> TASK DESCRIPTION: Nothing should appear in the answer except the lines from the one with "A thoughtful young" through the end of the listing below, transcribed exactly and without pictures.

> RAW DATA:
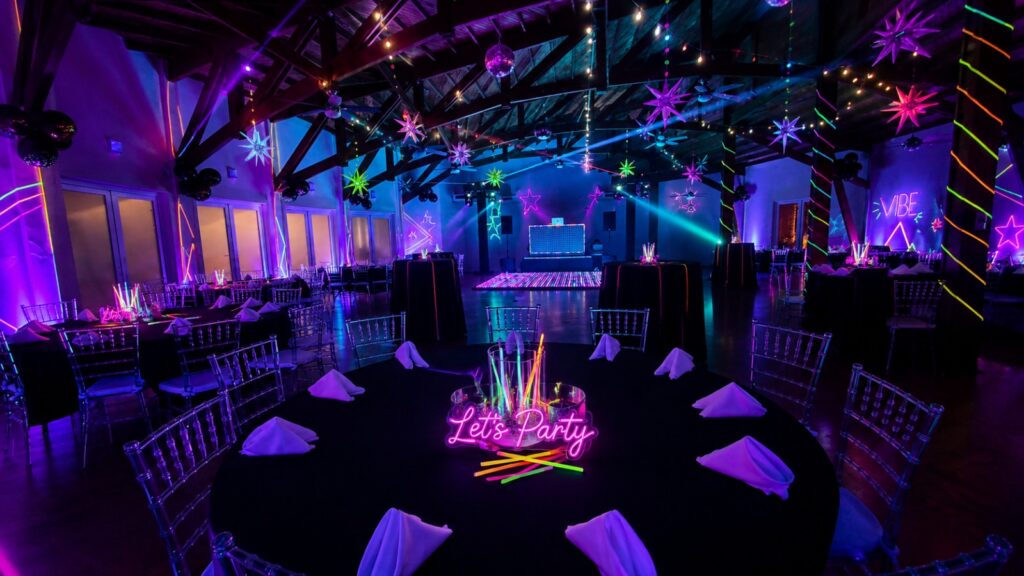 Private party with neon lighting and a dance floor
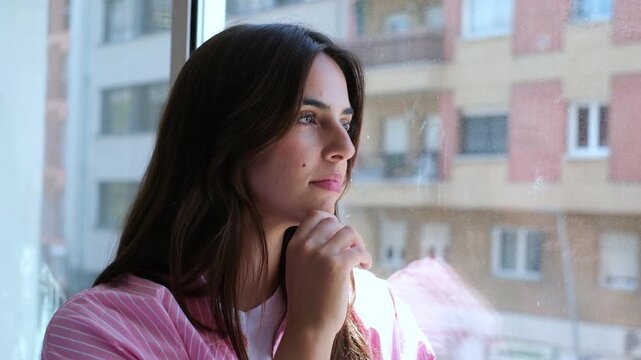 A thoughtful young woman gazing out her apartment window at the city. She appears pensive, lost in her thoughts, reflecting on life and possibilities.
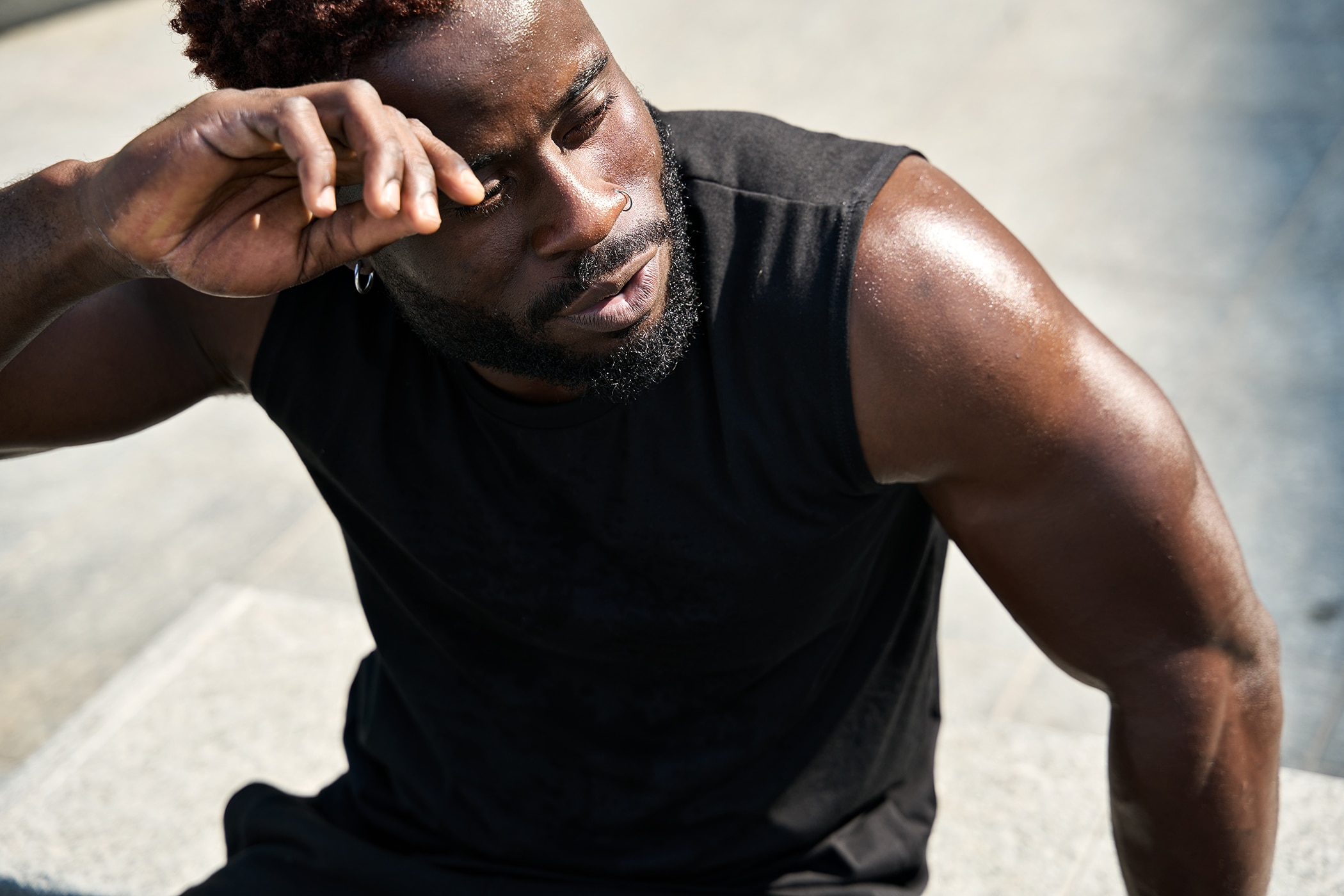 Young guy experiencing stress sweat and discomfort at summer’s end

> SOLUTION FOR THIS EXERCISE:
 A thoughtful young woman gazing out her apartment window at the city. She appears pensive, lost in her thoughts, reflecting on life and possibilities.
 Young guy experiencing stress sweat and discomfort at summer’s end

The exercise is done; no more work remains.